On August 6, President Uhuru Kenyatta graced the celebrations of the 57th Jamaican Independence Grand Gala held at the National Stadium in Kingston, Jamaica.

 

One of the highlights of the ceremony was the recognition of music maestro Rita Marley for her contribution to the development of reggae music industry in her country and the world at large. The ceremony was also part of the cultural events marking the International Decade of People of African Descent. Rita is the widow of one of the founders of reggae music, the legendary Bob Marley, who died in 1981.

Uhuru presented the Reggae Icon Award, one of her country’s highest awards, to Rita for her immense contribution to the nurturing of reggae music. Jamaican Prime Minister Andrew Holness and the erudite Jamaican Minister of Culture Olivia Grange witnessed the event.

 
 
 

Internationally, Unesco officially recognised reggae music as part of world cultural heritage last year. The musical genre is one of the newest additions on the Representative List of the Intangible Cultural Heritage of Humanity list. Reggae is well known for its worldwide appeal to the youth, and in most cases, advocacy for the alleviation of the living conditions of the marginalised.

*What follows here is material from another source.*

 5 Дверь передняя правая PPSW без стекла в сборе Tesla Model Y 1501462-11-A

It is important to note the symbolic significance of our President awarding a musician on the basis of her contribution to nation-building through artistic competencies. By this act, his is a recognition of music and the arts as a central component of any human society, including our own.

Closer home, the recent demise of two icons of contemporary Kenyan music cannot escape our national attention, even in academia. Both Joseph Kamaru and John DeMathew died recently. Their consecutive funerals offer a sombre chance for the country to reflect on the state and status of the music industry in Kenya.

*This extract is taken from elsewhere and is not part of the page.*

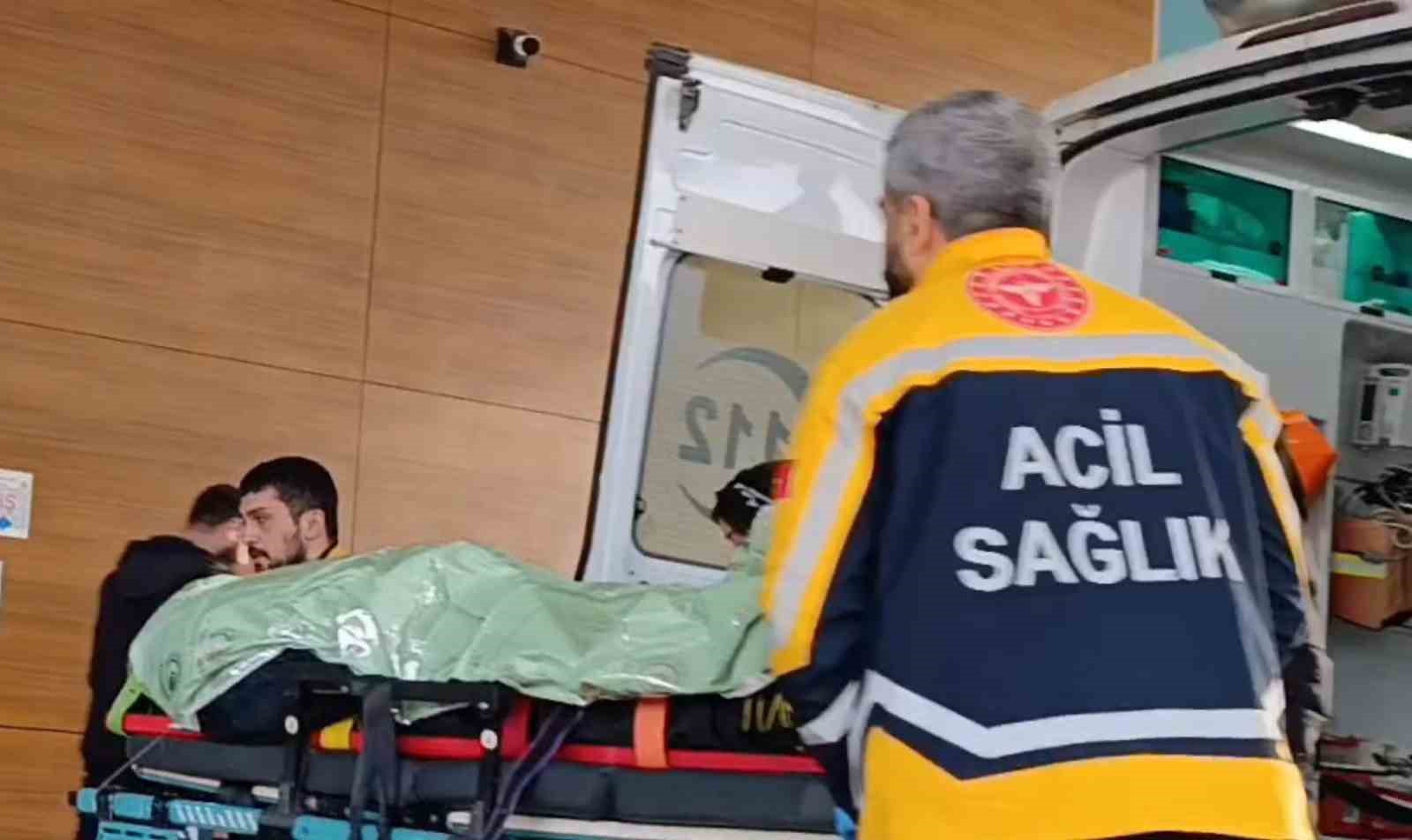 kaza sonrasi otomobilde bayilan surucu donmak uzereyken bulundu 3 7FwV7N6M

In both cases, Uhuru led top national leaders in mourning their death. He also attended their funeral ceremonies in Muranga county, which were also attended by thousands of Kenyans from all walks of life. The two funerals were also streamed live on television across the country.

Speaking on Saturday, August 24, at the funeral of DeMathew, the President recognised the centrality of the music industry in our society. He announced new government measures to address the plight of our local musicians. He has instructed his government to pursue action that can redress the dwindling fortunes of local artistes courtesy of piracy and wanton theft of their property rights.

 

Intellectual property rights violation in Kenya is a serious challenge in the arts sector. The government needs to walk the talk and address violations of patents, copyrights, trademarks and designs of artistes and their works. Uhuru’s stern directive comes as a fresh message of hope to the industry. It is hoped that it shall be acted upon swiftly and in a sustainable manner.

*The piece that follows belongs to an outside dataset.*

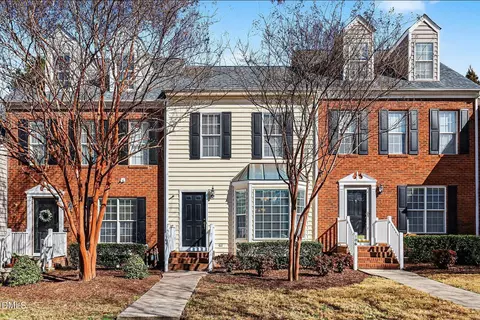 104 Knightsborough Way, Apex, NC 27502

Music is intangible heritage, but the property rights associated with its creation and possession have tangible pecuniary consequences. Piracy has seen most maestros dying in poverty or living lifestyles that do not reflect their prowess in artistic contribution to national development in Kenya.

Children performers at the Giriama Cultural Festival in Malindi
Children performers at the Giriama Cultural Festival in Malindi
Image: JKS MAKOKHA
 
 
 

However, much needs to be done to mainstream the arts in our society in general, music included. This can see us move towards global recognition of our genres such as benga or taarab, as is the case of Jamaica and reggae mentioned above.

For example, the plight of music education and the place of music studies in our curriculum needs to be debated, addressed and redressed. With the new curriculum direction, the government needs to invest in nurturing talents of our children not just in the Stem subjects but in areas like music studies also. Mainstreaming of the sciences in pursuit of our industrialisation goals, as enshrined in the Big Four Agenda and Vision 2030, should not occur at the expense of the arts.

In the new 2-6-6-3 education system, arts education is absent at the lower primary, upper primary and junior secondary levels. It is only in senior secondary, where the learning curriculum splits into three fields, that the arts appear. The three fields are: arts and sports, engineering and mathematics, and social sciences, science and technology. More needs to be done to entrench the arts in the elementary levels.

Music and other performing arts play a big role in our cultural development just like our national anthem. They need to be entrenched in government visions for development and education action plans. This is a more proactive way than saluting our musicians posthumously and eulogising roles they played while alive in our nation-building agenda.

Music in our education institutions should not exist in co-curricular or extra-curricular capacity like in 8-4-4 today. The government should consider mainstreaming the arts and embracing liberal arts like other developed nations do.

As it launches the new curriculum based on talents-enhancement and skills-building approaches to child development, let it train and hire arts instructors to ensure systematic and sustainable government support for the music sector. Invest in and fund the music schools and other art-centred institutions and agenda both at the county and national levels.

Let music do what it does best: educate the youth and foster sociocultural development at large. For, as the saying goes, education to the youth is like engraving on stones. It is a lasting investment. Let our children grow up in education systems and environments that nurture both their scientific and artistic talents/competencies.